- [THE PROBLEM]
In the copy, include all of the listing exactly and none of its pictures.

- [DATA PROVIDED]

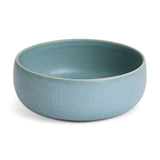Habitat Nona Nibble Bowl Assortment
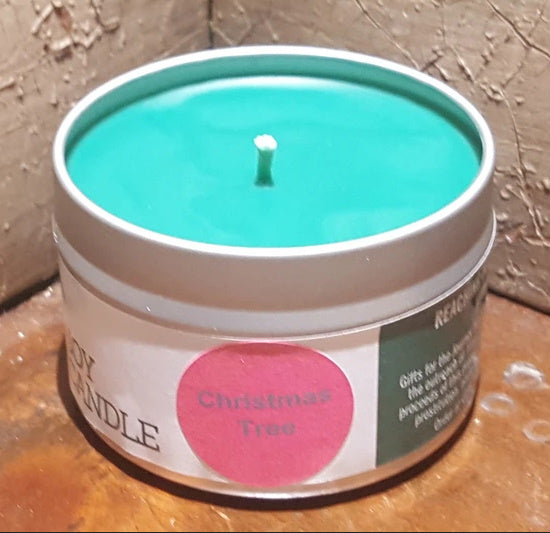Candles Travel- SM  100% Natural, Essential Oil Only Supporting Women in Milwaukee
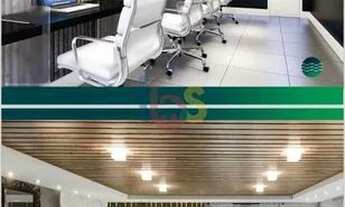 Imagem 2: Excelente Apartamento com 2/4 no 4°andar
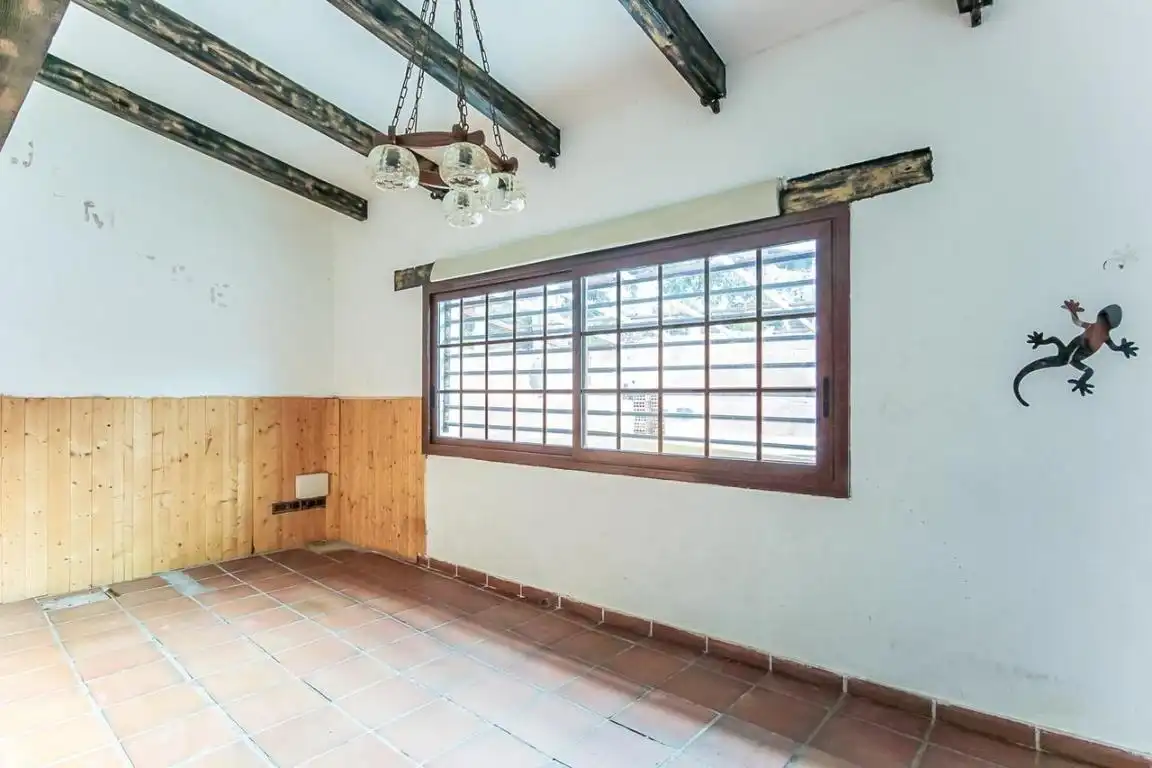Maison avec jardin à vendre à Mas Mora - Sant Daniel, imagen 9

- [WRITTEN SOLUTION]
Habitat Nona Nibble Bowl Assortment
Candles Travel- SM  100% Natural, Essential Oil Only Supporting Women in Milwaukee
 Imagem 2: Excelente Apartamento com 2/4 no 4°andar
Maison avec jardin à vendre à Mas Mora - Sant Daniel, imagen 9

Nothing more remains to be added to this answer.